Data corruption is the accidental change of a file or the loss of info which usually occurs during reading or writing. The reason could be hardware or software failure, and consequently, a file could become partially or entirely corrupted, so it'll no longer work correctly because its bits shall be scrambled or missing. An image file, for instance, will no longer present an actual image, but a random combination of colors, an archive will be impossible to unpack as its content will be unreadable, and so on. In the event that such an issue occurs and it isn't recognized by the system or by an administrator, the data will become corrupted silently and in case this happens on a disk drive which is part of a RAID array where the data is synced between various different drives, the corrupted file shall be duplicated on all of the other drives and the harm will be permanent. A large number of popular file systems either do not offer real-time checks or don't have good ones that will detect an issue before the damage is done, so silent data corruption is a common problem on internet hosting servers where huge amounts of info are stored.

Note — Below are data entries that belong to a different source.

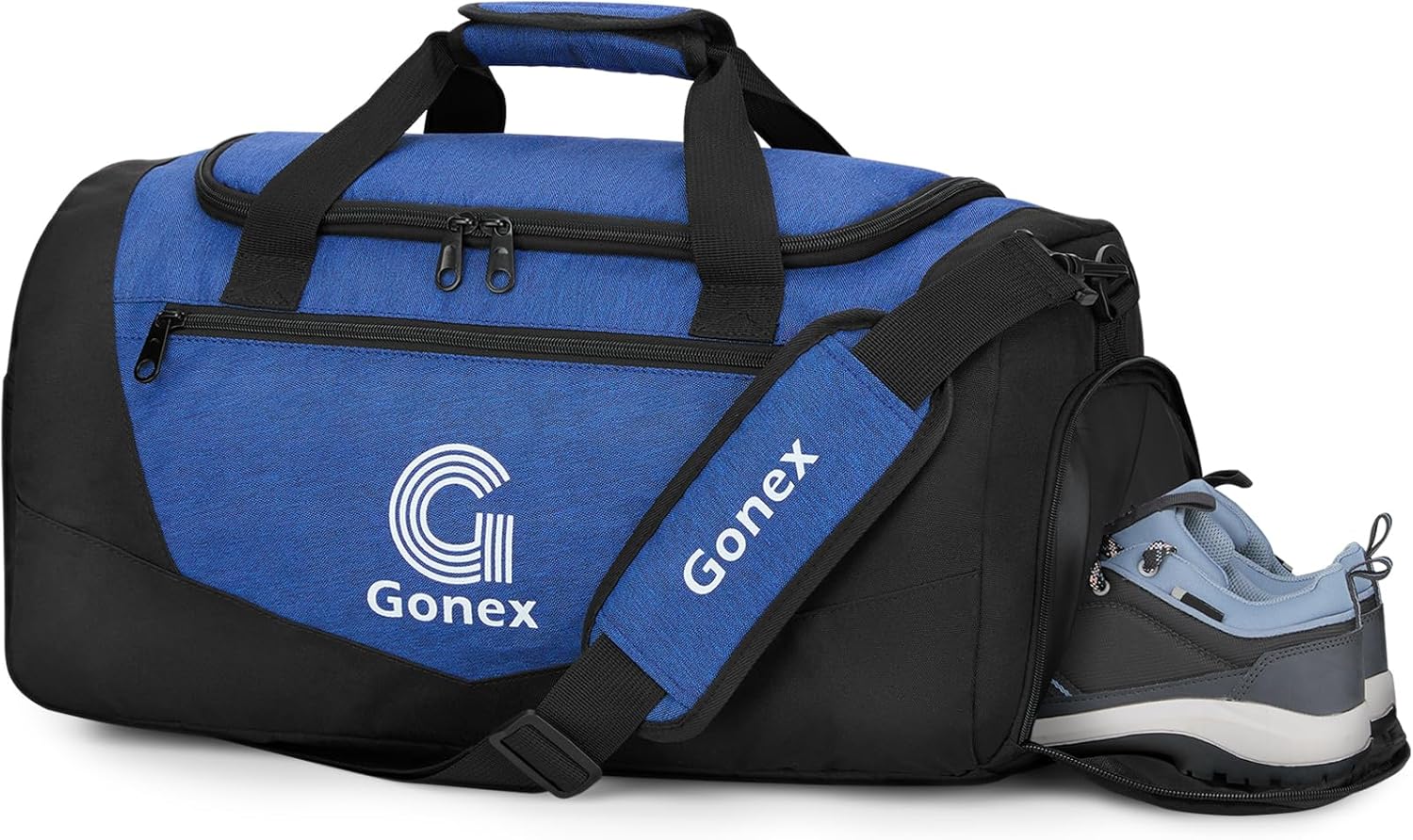 Gonex Gym Duffel Bag with Shoe Compartment Wet Pocket, Large Capacity Sports Duffle Bag for Men Women, Workout & Travel Bag with Multiple Pockets, Black/Blue, Small (30L)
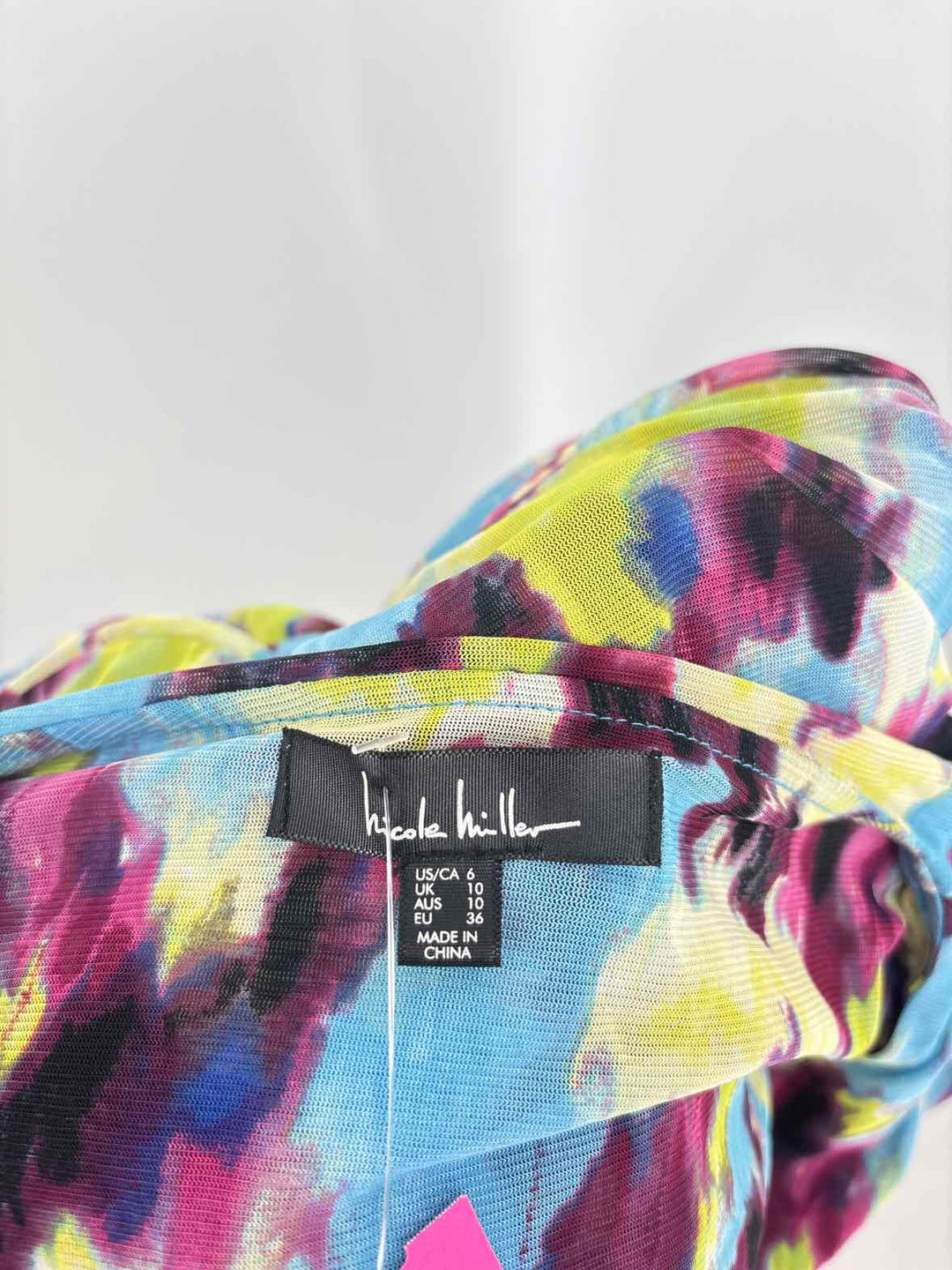 Size 6 NICOLE MILLER Multi-Color Dress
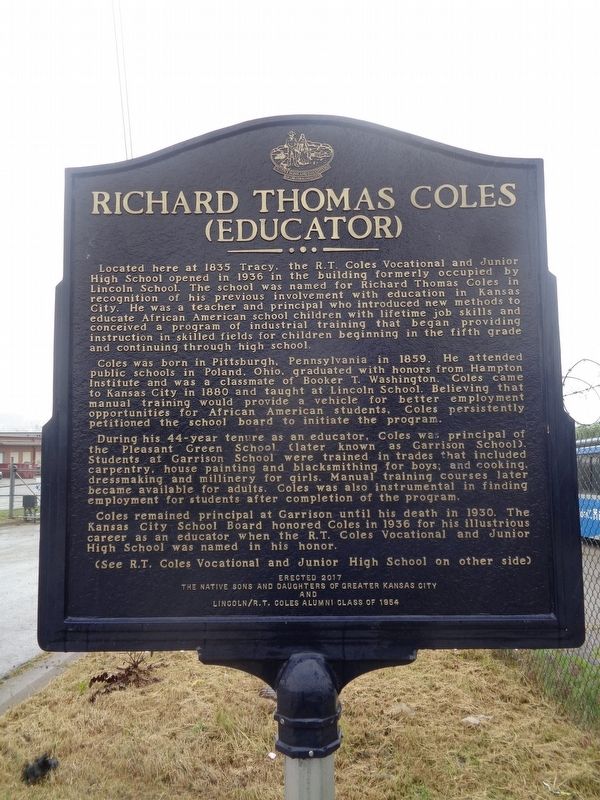 Richard Thomas Coles / R.T. Coles Vocational and Junior High School Marker image. Click for full size.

No Data Corruption & Data Integrity in Shared Hosting

We guarantee the integrity of the information uploaded in each and every shared hosting account which is created on our cloud platform because we employ the advanced ZFS file system. The latter is the only one that was designed to prevent silent data corruption thanks to a unique checksum for every single file. We shall store your info on multiple NVMe drives that function in a RAID, so exactly the same files will exist on several places at once. ZFS checks the digital fingerprint of all of the files on all of the drives in real time and if the checksum of any file is different from what it needs to be, the file system swaps that file with a healthy copy from a different drive inside the RAID. There's no other file system that uses checksums, so it's possible for data to get silently corrupted and the bad file to be duplicated on all drives with time, but since that can never happen on a server running ZFS, you won't have to worry about the integrity of your information.